=== The task ===
Pictures appear among the records below and must be omitted. Repeat exactly the lines from the line with "U.S. Democratic Congressional" to the line with "Cute Princess &", both included.

=== Supplied records ===
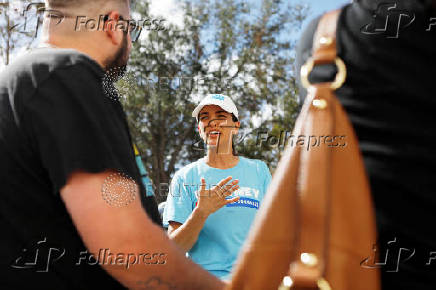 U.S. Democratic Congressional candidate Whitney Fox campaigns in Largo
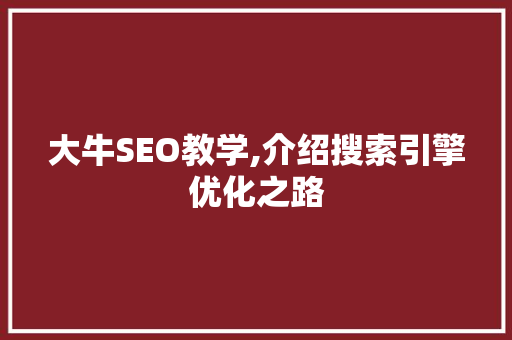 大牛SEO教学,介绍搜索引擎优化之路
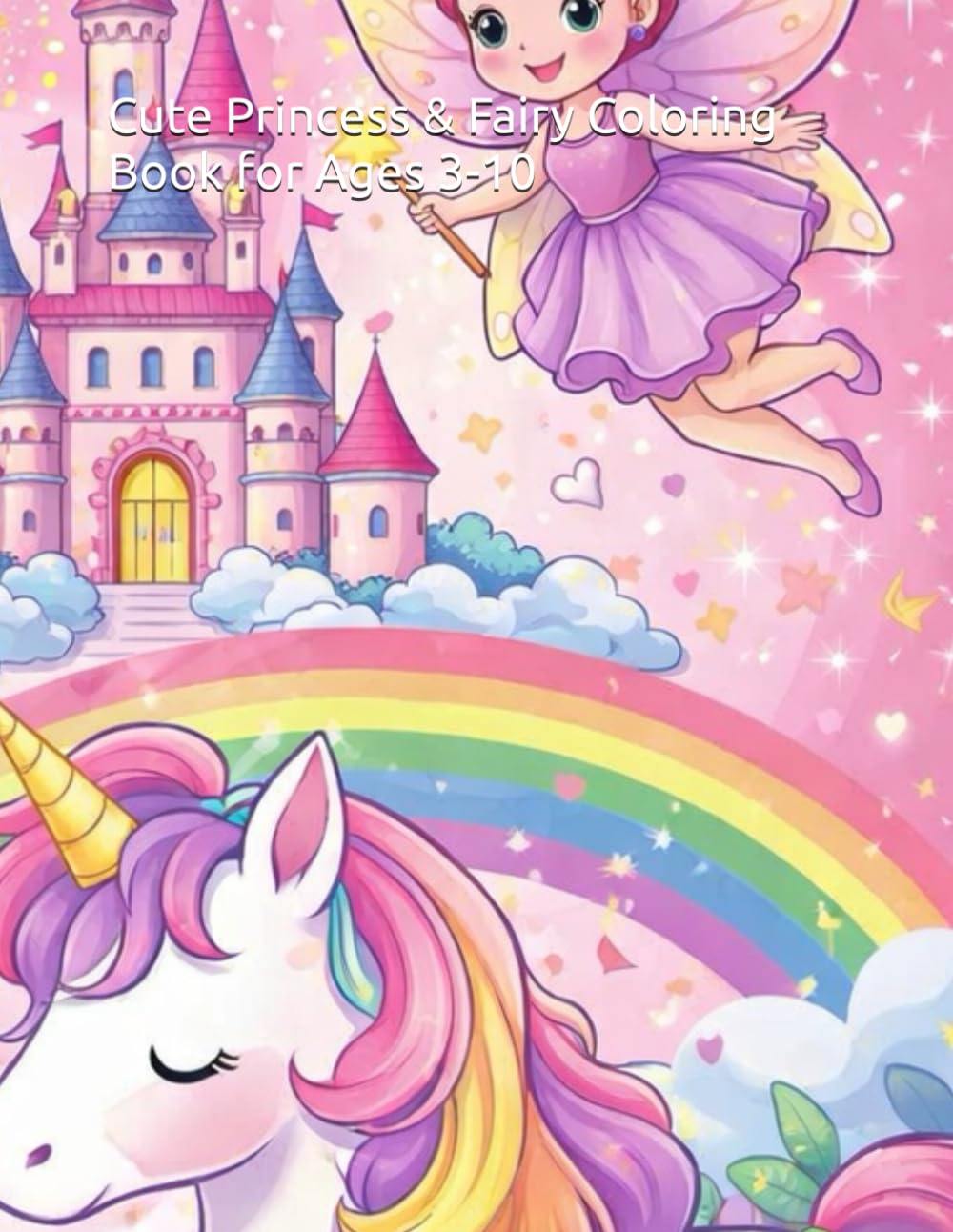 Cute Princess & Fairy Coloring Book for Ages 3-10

==

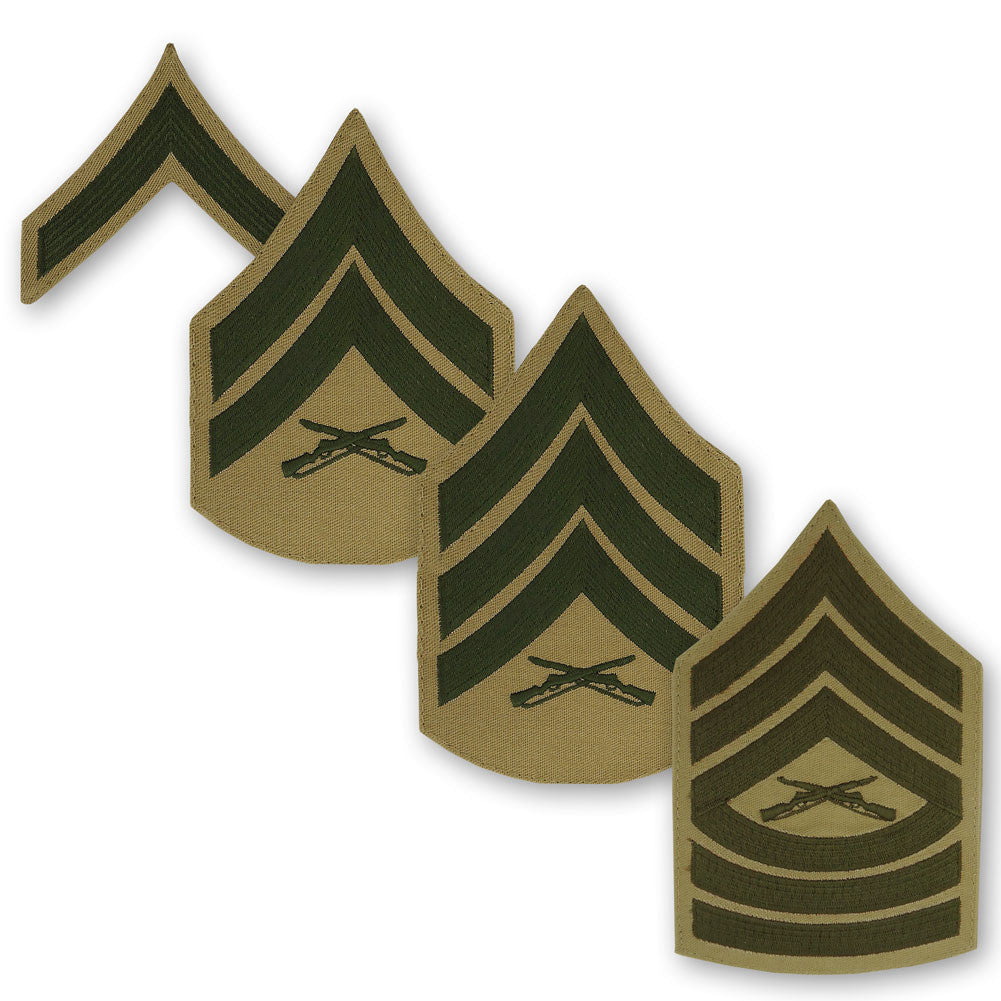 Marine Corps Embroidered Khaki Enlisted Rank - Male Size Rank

==

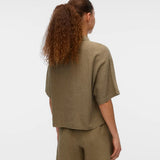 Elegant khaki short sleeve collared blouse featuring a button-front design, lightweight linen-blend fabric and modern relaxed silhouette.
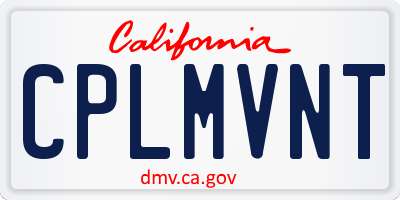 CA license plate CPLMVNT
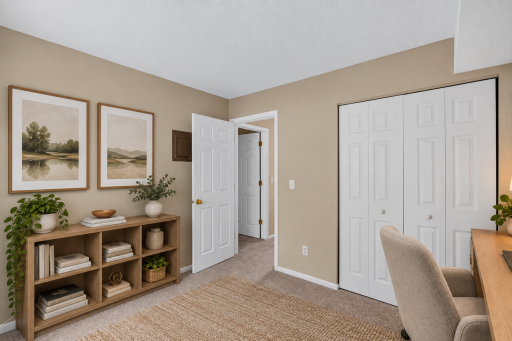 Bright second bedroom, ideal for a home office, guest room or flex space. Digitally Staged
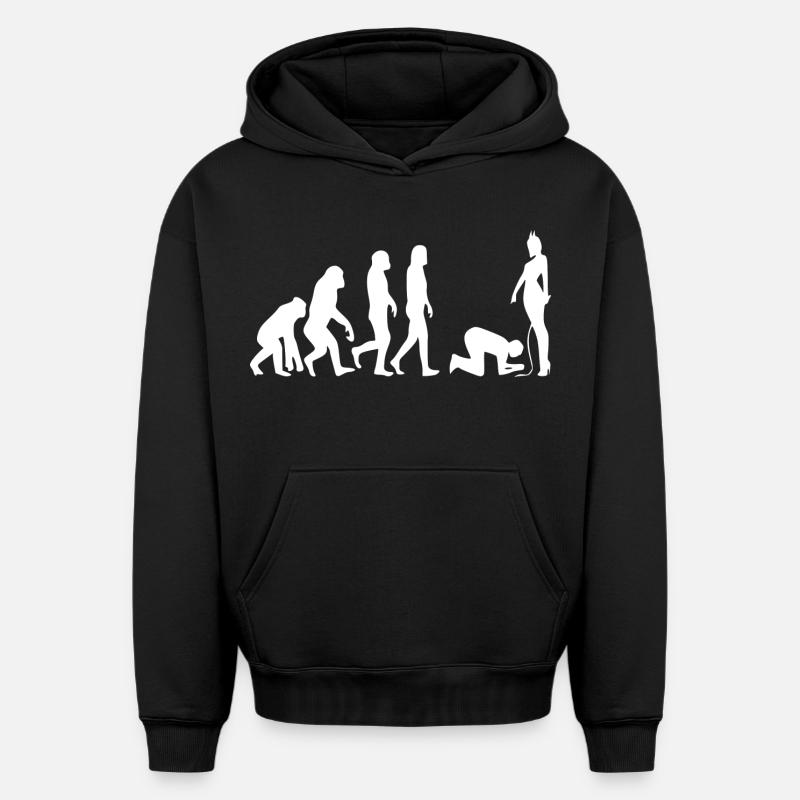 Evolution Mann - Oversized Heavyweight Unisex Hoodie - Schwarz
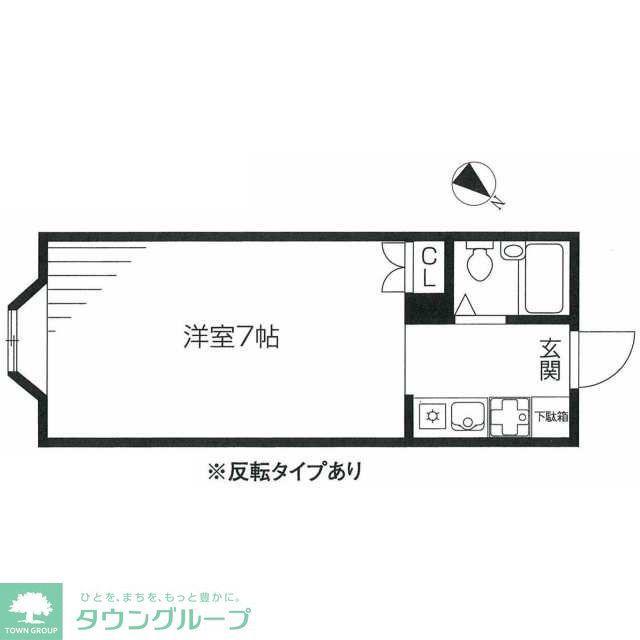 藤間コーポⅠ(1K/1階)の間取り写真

=== Task output ===
 U.S. Democratic Congressional candidate Whitney Fox campaigns in Largo
 大牛SEO教学,介绍搜索引擎优化之路
 Cute Princess & Fairy Coloring Book for Ages 3-10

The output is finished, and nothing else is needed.